Some more data on parts and other bits I used:
Resistor for hotend heater block:
6.8ohm 3W 5%, I use 2 in parallel which gives me 3.4ohm total. I know that this is a bit low, as it will give a high wattage and high amperage, but it has worked very well on my setup. I think many use one 6.8ohm resistor. You may have to insulate the block for it to be able to stay hot enough if you only use the one resistor.
The heat sinks used on the pololu drivers I glue down using Arctic Silver Adhesive like this:
To avoid sending too many amps through my ramps board I let the ramps control a relay which in turn switches the heated bed on and off. It has been working fine from day one.
I use kapton tape on a glass bed. Many use acetone to clean it with, but acetone is very bad for you if inhaled and it is not good for your skin either. If you spill it, it will most likely “kill” what ever it lands on. Bench top, table (painted/varnished) plastic, you name it. It is good, but I have found that Methylated spirit does the job just perfect. It is much friendlier to use full stop.

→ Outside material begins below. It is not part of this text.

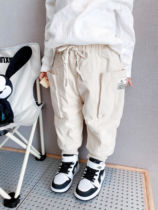 (Thickened clothing pants) Children winter warm thick solid cotton lining 100 hitch pants out for pants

The next picture shows the various lubricants, silicone and adhesives (epoxy resins) I use for my build.
My heated bed is levelled using 4 bolts upside down with a nut under and above the table. Easy to level, but level it when the bed is at operating temperature (expansion).
For endstops I used some micro swithes from old computers (lid open detection) and from some old printers.
To calibrate the Z-axis I glued (glue gun) a couple of 8mm nuts with a piece of 8mm rod in correct location so I can fine tune the zero position of the nozzle.
The Arduino with Ramps and driver I screwed onto the side of the printer (the benifit of using wood 🙂 .) Note the heatsinks that are on the drivers and the fan above the board to cool. The fan is attached using velcro. A bit of glue from a glue gun or a string will do the same trick.